British television series

Stepping Up is a five-part drama programme shown on the CBBC Channel from 3 to 7 September 2012. It is a series of one-off dramas about children making the move from primary to secondary school. Music was composed and performed by Steve Wright, who also composed the music for Brookside, Damon and Debbie, Waterfront Beat, And The Beat Goes On, Hollyoaks, Courtroom, Moving On series 1–6, Justice, Secrets And Words and The Very Hungry Frenchman.

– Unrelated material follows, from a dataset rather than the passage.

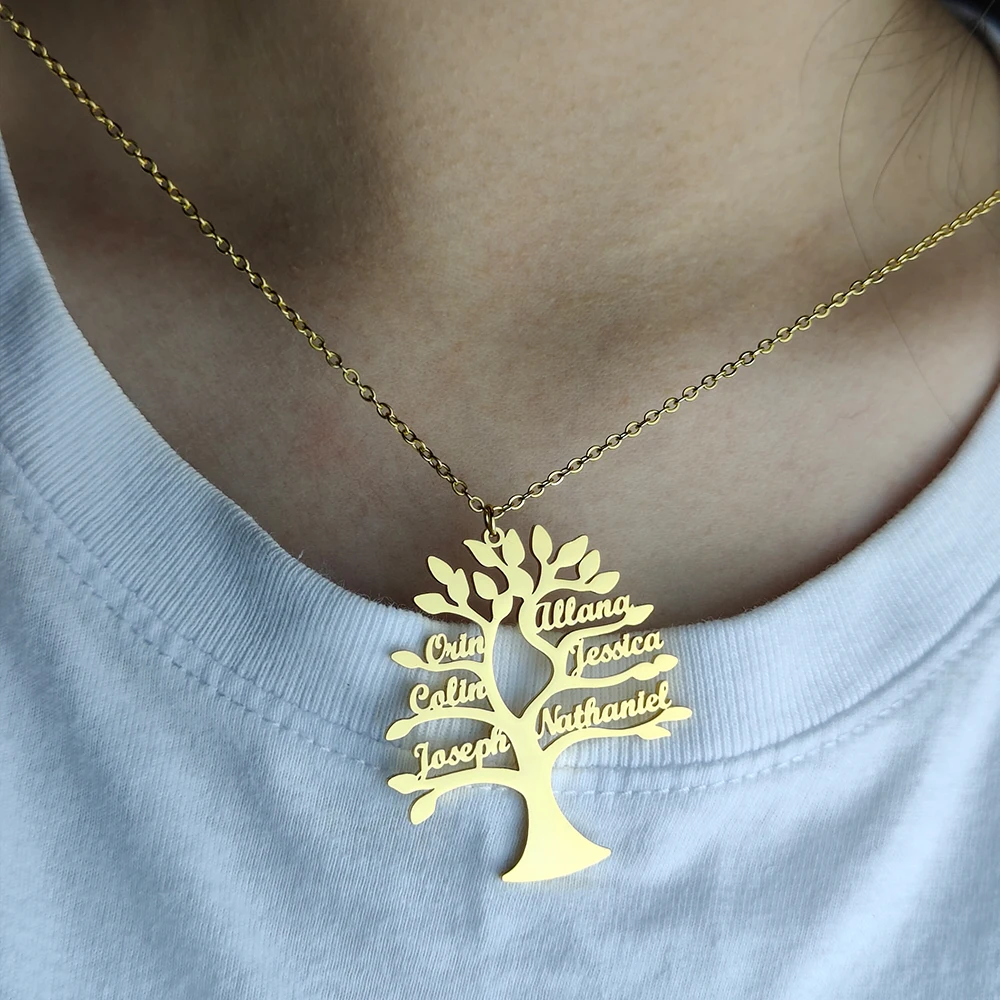 CUSTOM Tree Of Life ชื่อสร้อยคอส่วนบุคคลแม่เด็กครอบครัวชื่อสแตนเลสสตีลจี้ choker เครื่องประดับของขวัญ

The five-part drama programme was last re-broadcast on CBBC on 31 May 2019 at 13:15pm.

==List of Stepping Up episodes==

| No. | Title | Original release date |
| 1 | "The Cloudwatch Club" | 3 September 2012 |
Dylan and Alfie have been best friends ever since they first met in primary school, on the move to secondary school, they drift apart and ending up joining two different clubs, can they make up?
| 2 | "Home Games" | 4 September 2012 |
Just as Jack seems to be struggling to accept his stepdad, his real dad suddenly comes back into his life on his first day of secondary school. On Jack's first day, his new friends are arguing about which one of Liverpool and Everton are better. Jack gets away with not viewing his opinion, but he is torn between his stepdad and real dad who support opposing teams, who shall he choose?
| 3 | "Bag Girl" | 5 September 2012 |
Tomboy Becky Tyler finds that she doesn't fit in at her new all-girls secondary school.
| 4 | "Download" | 6 September 2012 |
Polly copes with her new school by filming everything with her mobile phone.
| 5 | "Tale of Two Cities" | 7 September 2012 |
Owain has recently moved to Manchester from Wales, and he's desperate to go back home.